How did the hookup with Dekmantel come about?
I had been following their output since Juju & Jordash's Deep Blue Meanies. Then, at one point, they reached out to me, but I didn't have music available at that time. When I put these tracks together for the album at the end of last year, I made a (very) short list of labels I thought they would fit on and that I would want to work with, and Dekmantel was one of these. There wasn't a need to get these out as an album at any cost unless it was on a label I wanted to be on, so if no one took them I probably would've just released them on my own label as EPs. Luckily, Dekmantel liked the music. As an aside, it's also nice that Juju & Jordash and Joey Anderson are also on the label, as we happen to be on the same agency (Uzuri) and we all get on quite well, so there's a family vibe.
The record seems to be more UK-influenced than some of your past work. Would that be a fair assessment?
There's definitely an influence, though I did not consciously set out to push it in any specific direction.

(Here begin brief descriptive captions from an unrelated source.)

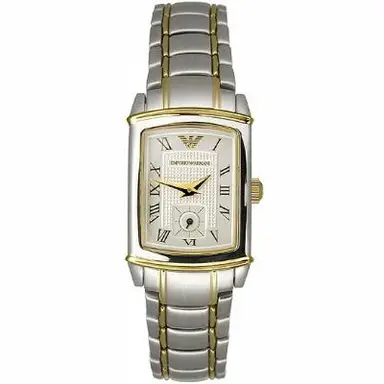 emporio armani watch ar0242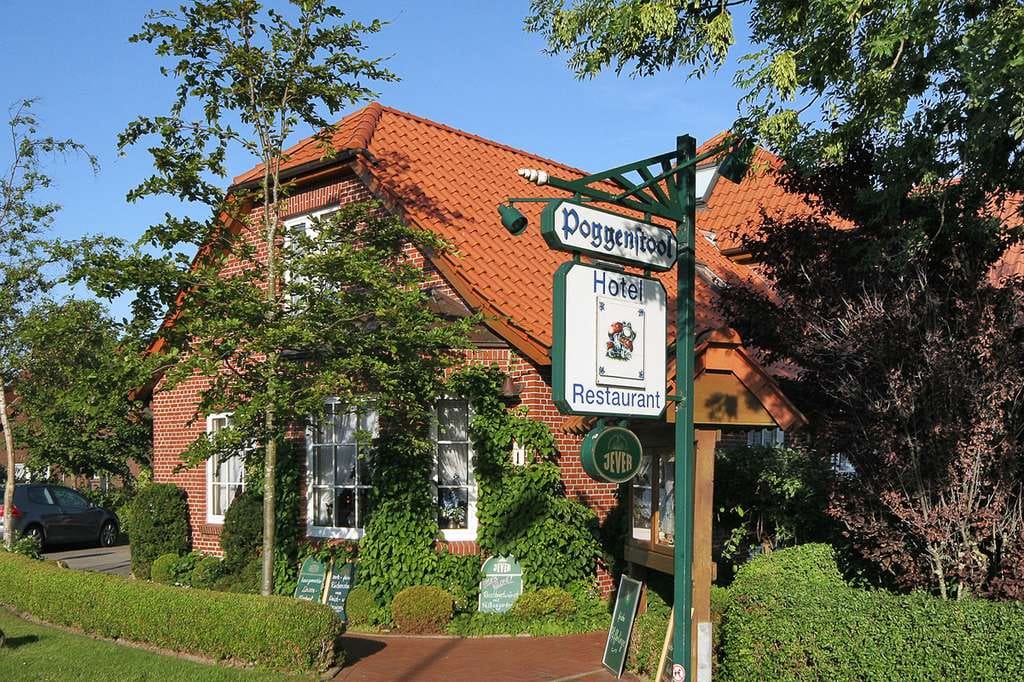 Immobilie in Neuharlingersiel - Neuharlingersiel! Für alle die es etwas größer wollen - Bild 1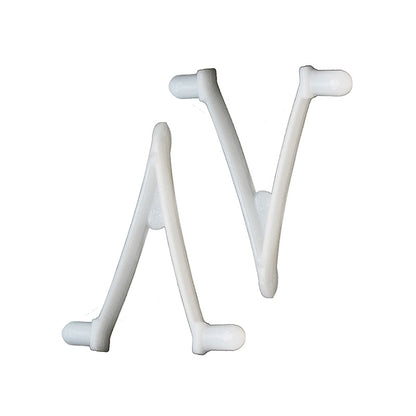 Poolmaster Spring Clips 37650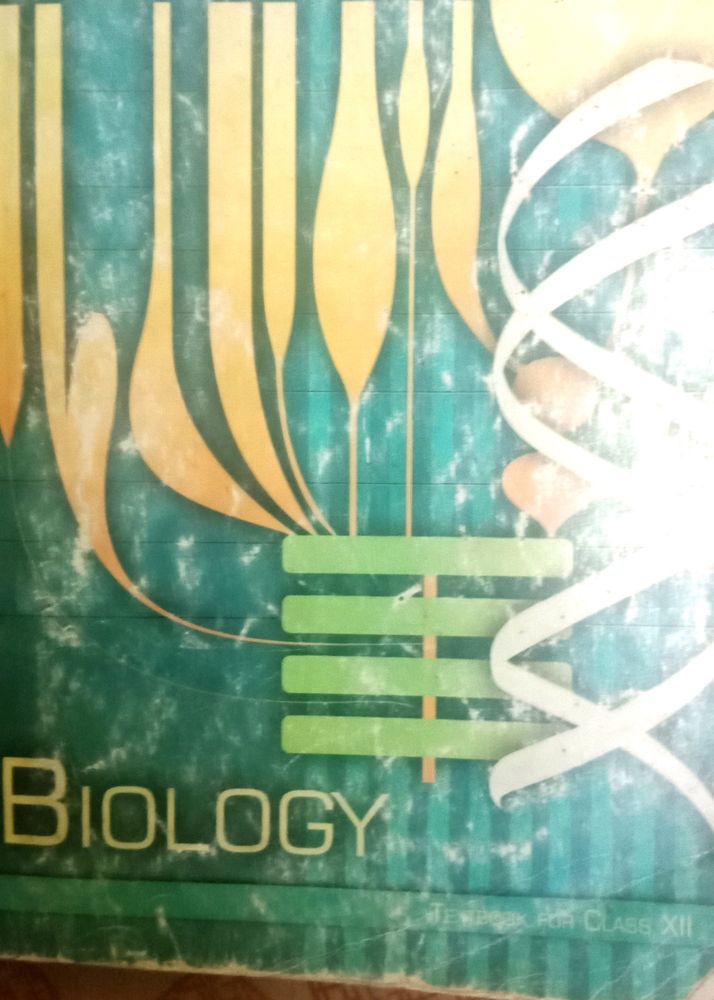 2nd Puc Biology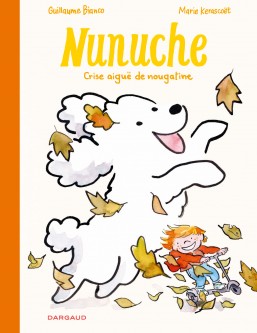 Nunuche – Tome 3
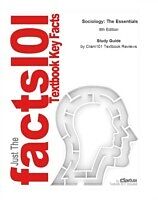 E-Book (epub) Sociology, The Essentials von Cti Reviews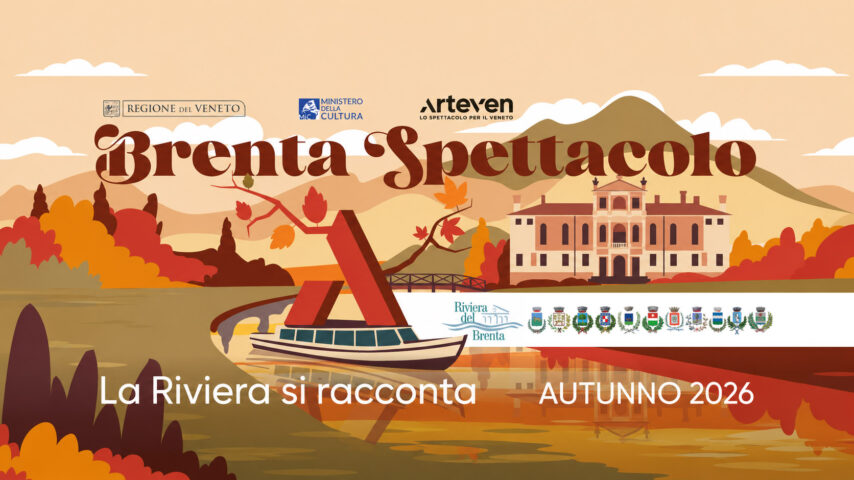 Manifesto autunnale della Riviera del Brenta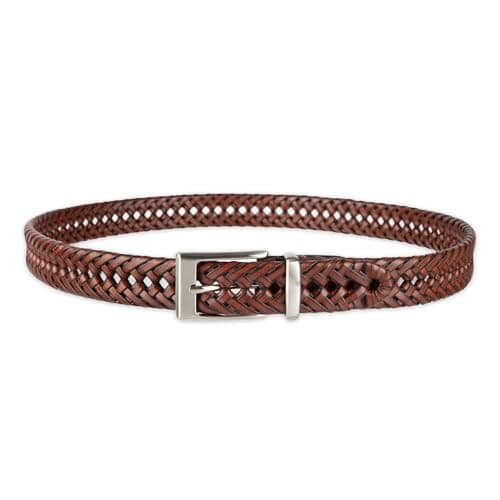 DOCKERS Men's Belt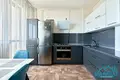1 room apartment 50 m² Minsk, Belarus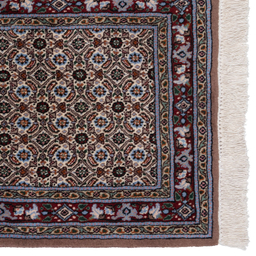 فرش دستباف کناره سی پرشیا کد 174289 سایز 56x288 سانتی‌ متر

When I started producing, it was pretty obvious that Detroit and Chicago were my main influences. As a DJ and music lover though, I've always been into a wide range of sounds. I think as I've matured in my productions I've tried to bring in more of my other influences and fuse them together.
What are you up to next?
I'm back on the road in November to tour and promote the album. On the release front, other than said album, there's also EPs coming on Skudge X and Fred P's label. I'm working on new material too, but it's too early to say when it will come out. We (J-UL and myself) are lining up some releases on our Lab.our imprint. Lab.our 06 from Hermans (no relation to my old Herman alias) is just out, with a BSU vs J-UL remix. The next one is from label regular Maxwell Church. EPs are also slated from new names Aberdeen, R, Jerry Riggs x Krizzli and Benjamin Wood. All are Toronto artists. It's great to have a platform to release local talent!